Ahead 7-0, the Rams were on the verge of extending their lead, driving to the Central Catholic 12. Ernest Williams took a pitch from quarterback Ben DiNucci, but when he reached the 6, he fumbled and Central Catholic recovered.
However, after the officials got together, they determined that a whistle occurred during action, which by rule canceled the play.
Central Catholic coach Terry Totten said he never knew that rule existed and said he didn’t hear a whistle.
Pine-Richland coach Eric Kasperowicz and DiNucci said they heard the whistle, which came from near the Central sideline.
Referee Steve Hall declined comment on the play and referred all questions to Bill Sinning, the WPIAL’s PIAA male officials representative.
“There was obviously a fumble, and it was obviously recovered by Central Catholic,” Sinning said. “While the ball was loose on the field, there was a whistle blown by one of the deep officials. Because it was blown during a loose ball, the referee was correct: The play is dead, and the ball goes back the team that had possession (to start) the play.
“While the inadvertent whistle is unfortunate and something we try not to have ever, it happened. There’s nothing in the rules that permits us to fix it.”

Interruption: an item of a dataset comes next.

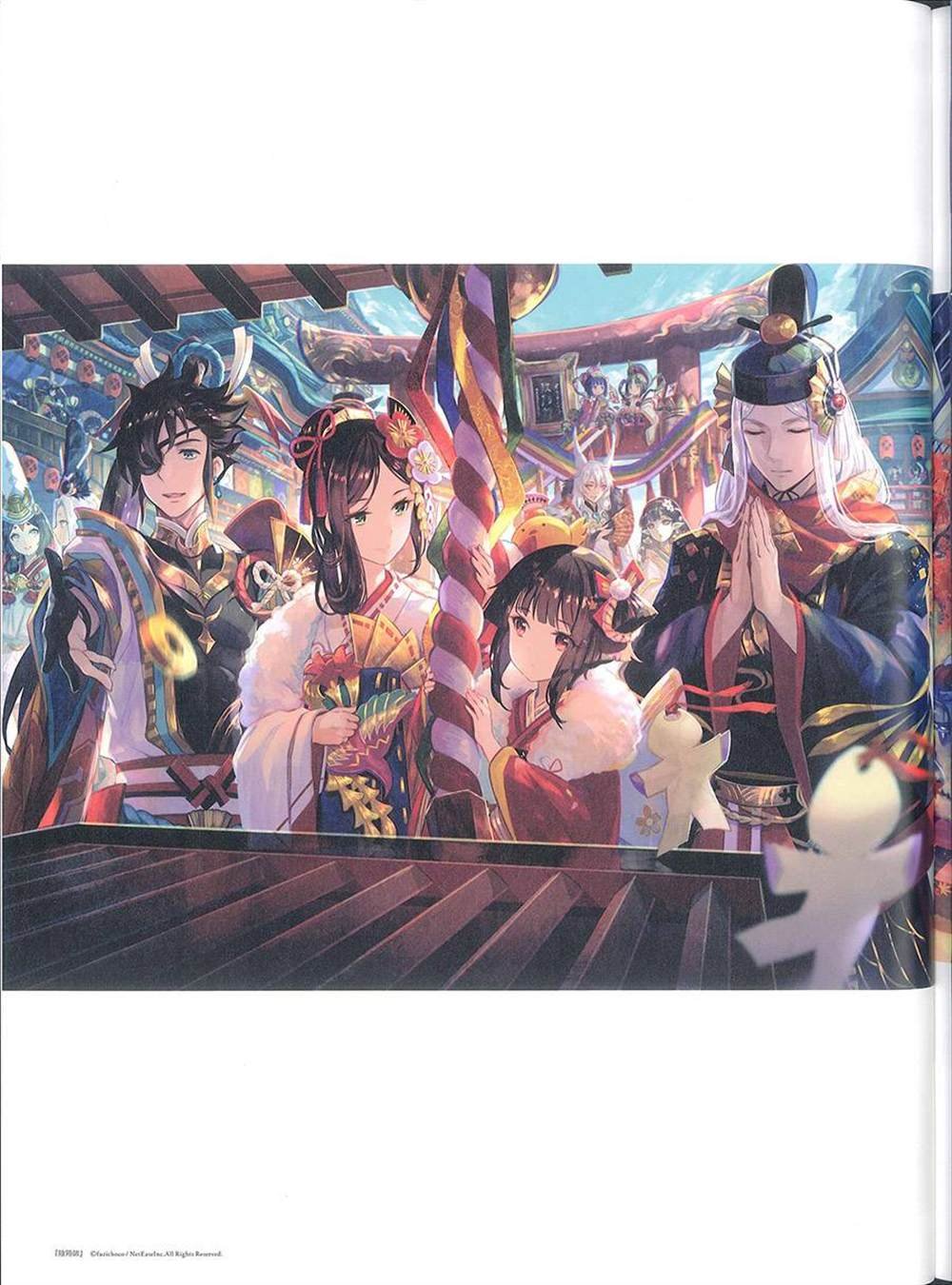 彩幻境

Sinning said he doesn’t think the official saw the fumble, so he assumed the player was down by contact.
Sensing a sudden change in momentum, Kasperowicz went to his bag of tricks and called for “The Fire Alarm.” The play worked to perfection to give the Rams a 14-0 lead.

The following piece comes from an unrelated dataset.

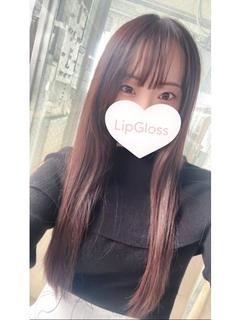 Lip Gloss  デリヘル MINA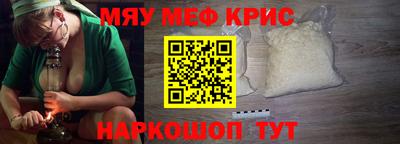 кокаин перу Краснодар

With DiNucci walking to his right seemingly calling an audible, the snap went to running back Connor Slomka, who started to his left and pitched to wide receiver D’Ondre Gastion, who lofted a 12-yard score to DiNucci, who had slipped out of the backfield. It was DiNucci’s first receiving TD and Gastion’s first touchdown throw.
“It’s a play we’ve worked on in practice all season,” Kasperowicz said. “We were waiting for the right time to call it.”

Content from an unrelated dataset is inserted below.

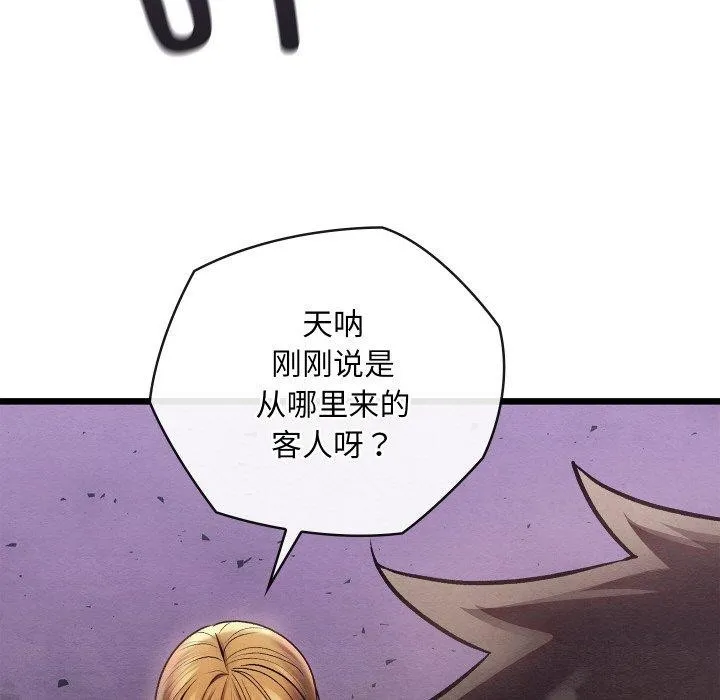 親密寶鑒第29話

Central Catholic responded on its next possession to cut the deficit to 14-7 when John Petrishen, running the wildcat for the second consecutive week, scored on a 5-yard run with 7:54 left. Petrishen rushed for 170 yards on 34 carries.
Late in the game, after Central Catholic failed to convert a fake punt deep in its territory, DiNucci clinched the win when he scored on a 6-yard run to push the lead to 21-7 with 1:11 left.
DiNucci, who completed 16 of 29 passes for 174 yards, capped the first drive of the second half by hitting Michael Merhaut with a 6-yard shovel pass for a score.
When these teams met in Week 7, they combined for 76 points, 52 in the first half as Pine-Richland pulled out a 48-28 victory. Friday’s game was much different; it was a scoreless first half.
“They did a few things different that we were familiar with,” Kasperowicz said. “Once we saw what they were doing, we adjusted.”
Totten said he was proud of how his defense limited Pine-Richland’s offense, but he said the story was Pine-Richland’s defense.
“When we played them the first time, we felt we could score 42 points on them,” Totten said. “They certainly tightened things down. Obviously, their offense gets the headlines, but their defense played well.”